→ **THE TASK**
Search the listing for "platform" and copy every line where it appears.

→ **RECORDS PROVIDED**
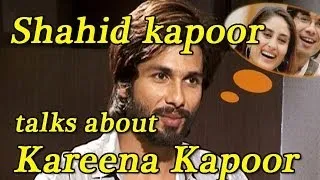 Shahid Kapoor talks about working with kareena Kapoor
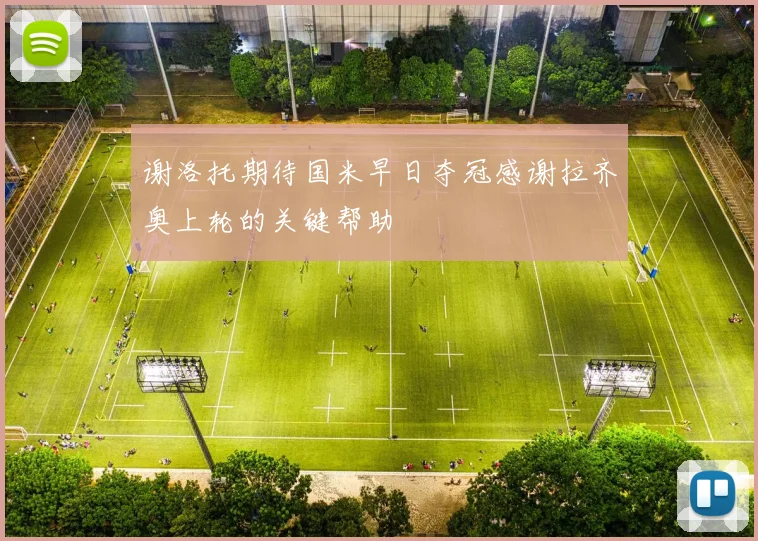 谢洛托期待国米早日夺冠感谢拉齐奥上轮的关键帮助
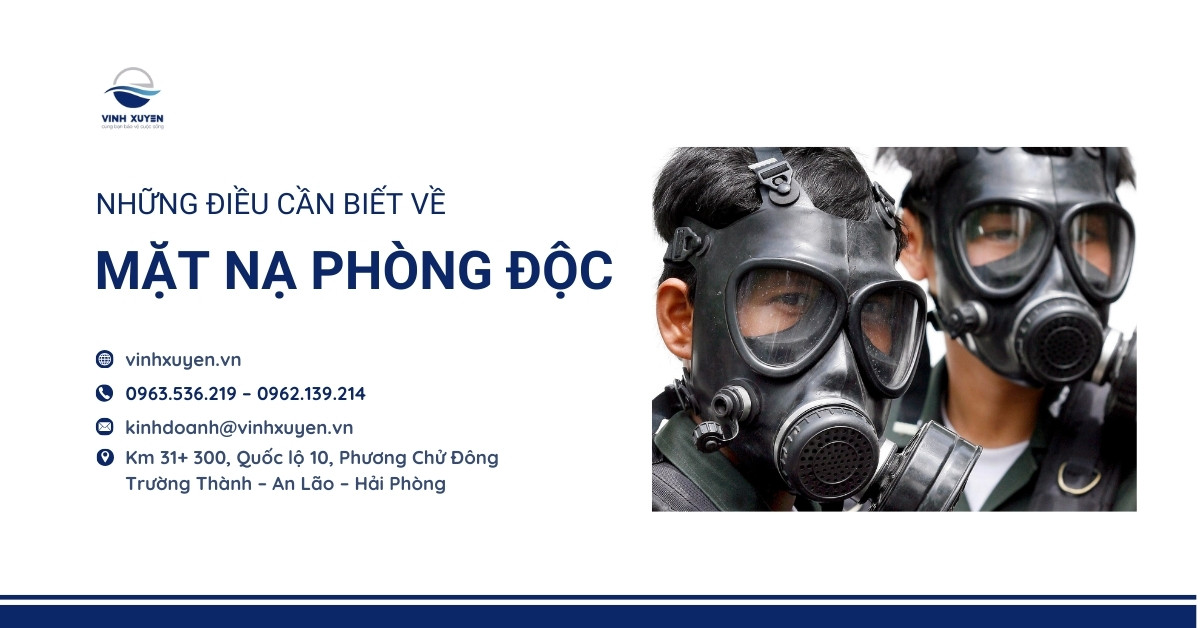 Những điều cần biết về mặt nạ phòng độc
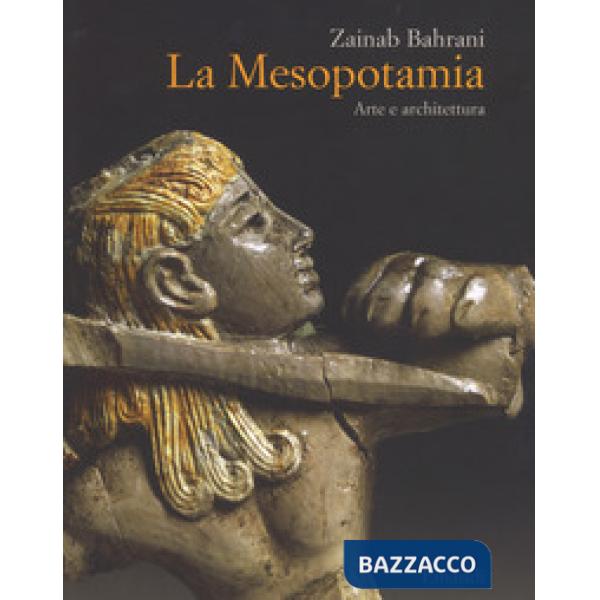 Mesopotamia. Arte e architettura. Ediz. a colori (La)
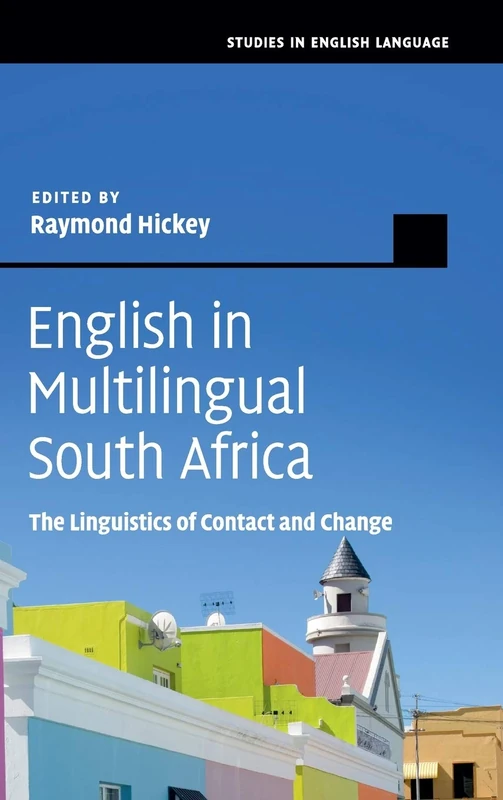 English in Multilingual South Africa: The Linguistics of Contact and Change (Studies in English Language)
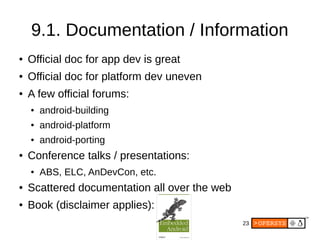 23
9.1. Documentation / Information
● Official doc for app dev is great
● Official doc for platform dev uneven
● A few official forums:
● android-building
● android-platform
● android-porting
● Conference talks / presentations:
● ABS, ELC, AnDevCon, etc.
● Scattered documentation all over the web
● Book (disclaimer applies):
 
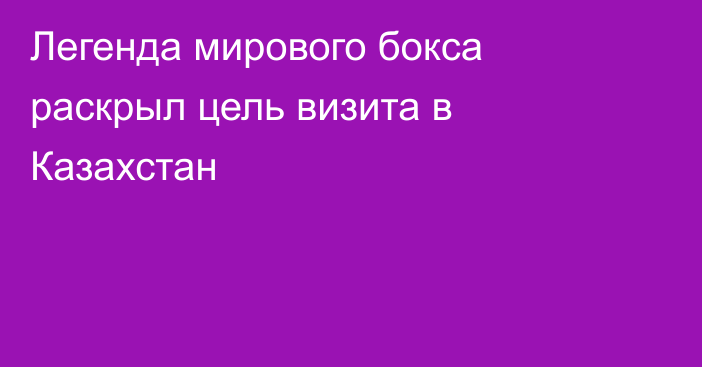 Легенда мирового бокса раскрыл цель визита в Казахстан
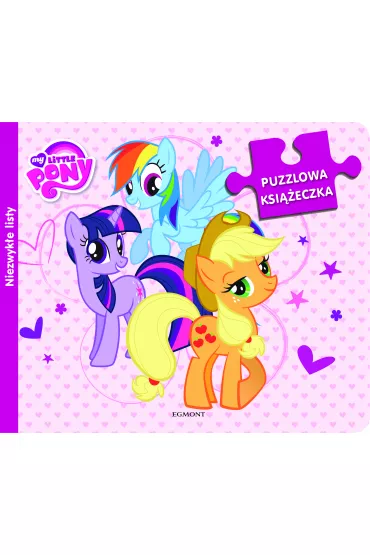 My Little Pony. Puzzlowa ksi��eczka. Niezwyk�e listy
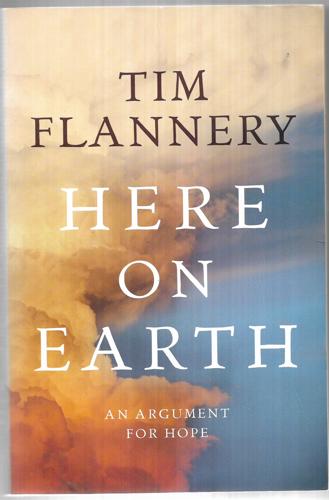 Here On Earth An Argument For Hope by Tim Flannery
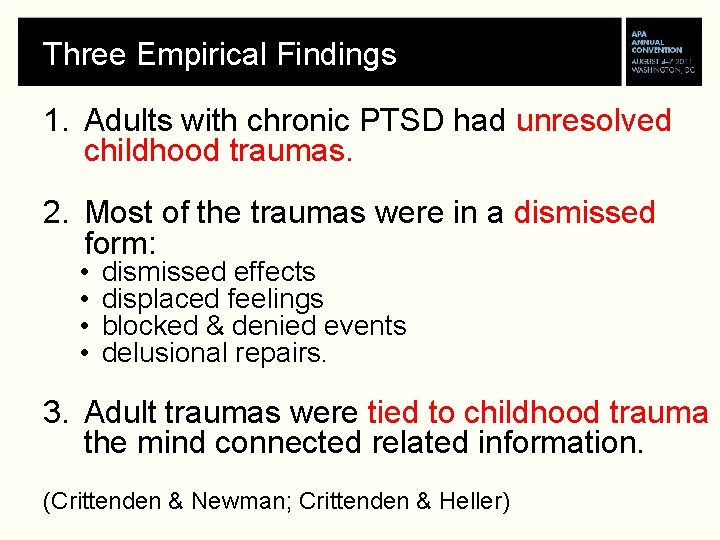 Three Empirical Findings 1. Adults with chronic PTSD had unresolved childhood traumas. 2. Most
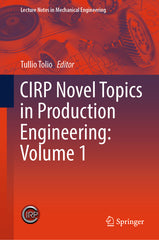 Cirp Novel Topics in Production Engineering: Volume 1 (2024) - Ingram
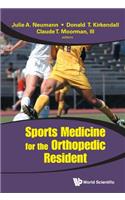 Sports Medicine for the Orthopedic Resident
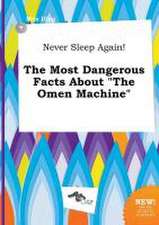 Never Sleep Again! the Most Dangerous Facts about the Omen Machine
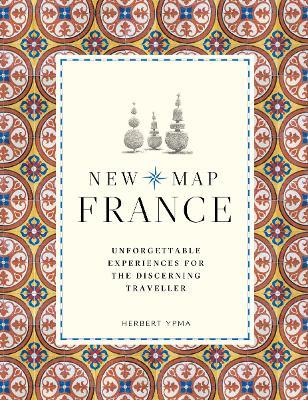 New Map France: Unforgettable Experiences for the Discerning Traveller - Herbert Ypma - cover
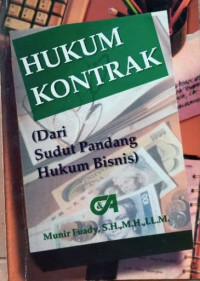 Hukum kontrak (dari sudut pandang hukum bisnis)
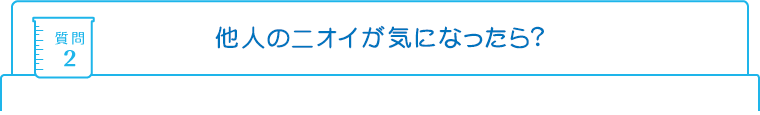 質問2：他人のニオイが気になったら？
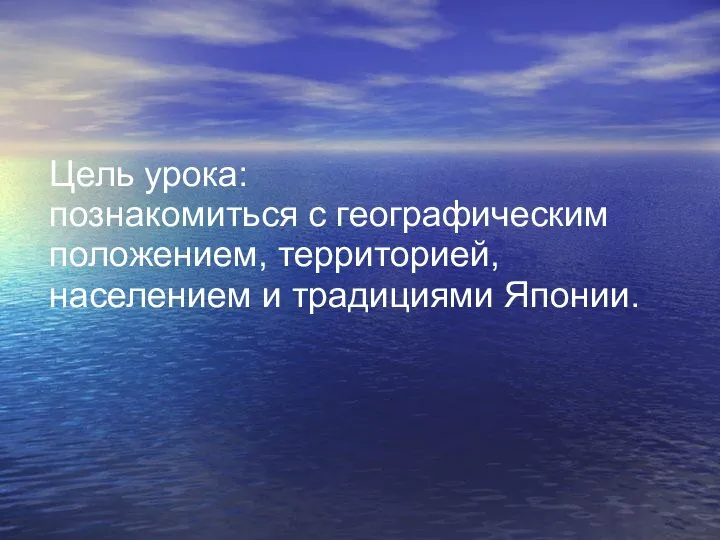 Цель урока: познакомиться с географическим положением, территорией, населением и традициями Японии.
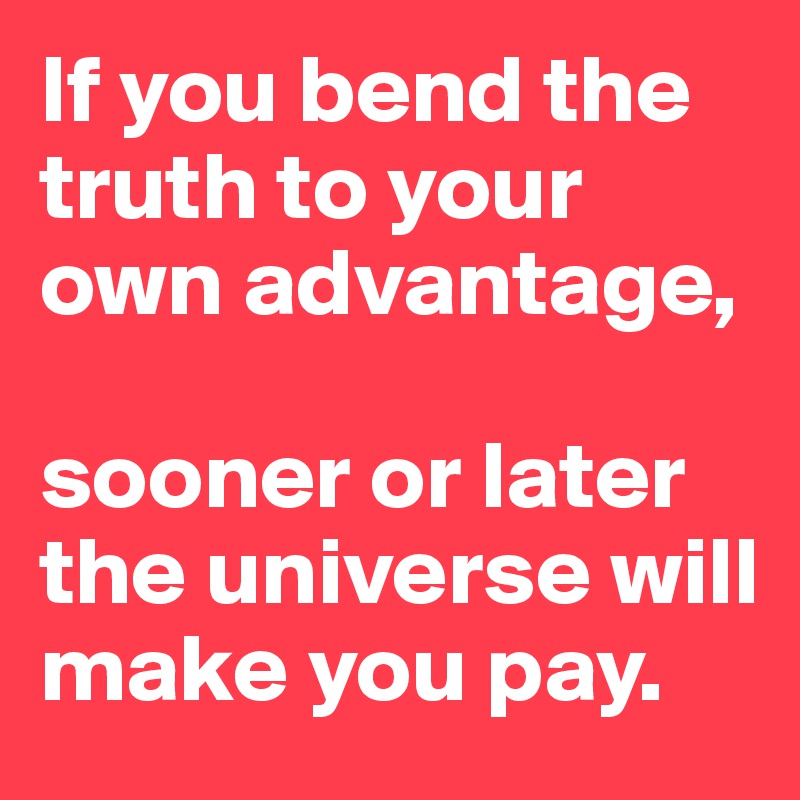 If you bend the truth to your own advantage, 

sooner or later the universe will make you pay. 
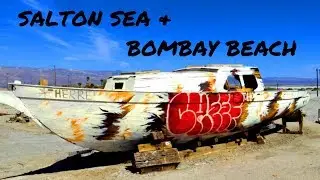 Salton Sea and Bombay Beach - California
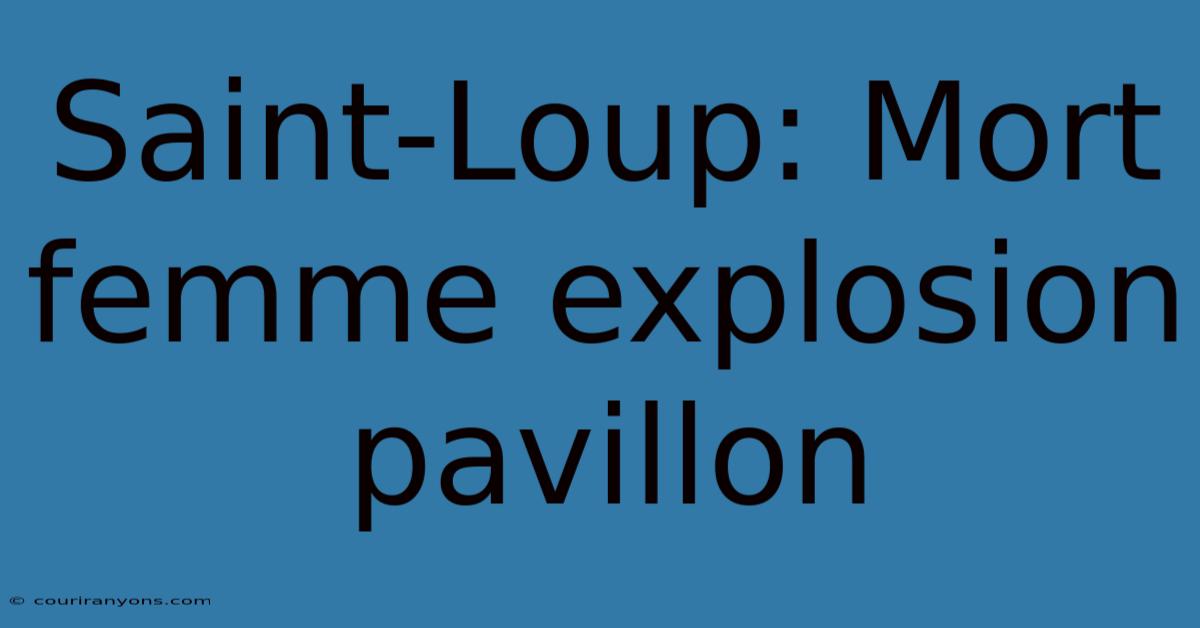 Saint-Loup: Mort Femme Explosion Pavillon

→ **RESPONSE**
● Official doc for platform dev uneven
● android-platform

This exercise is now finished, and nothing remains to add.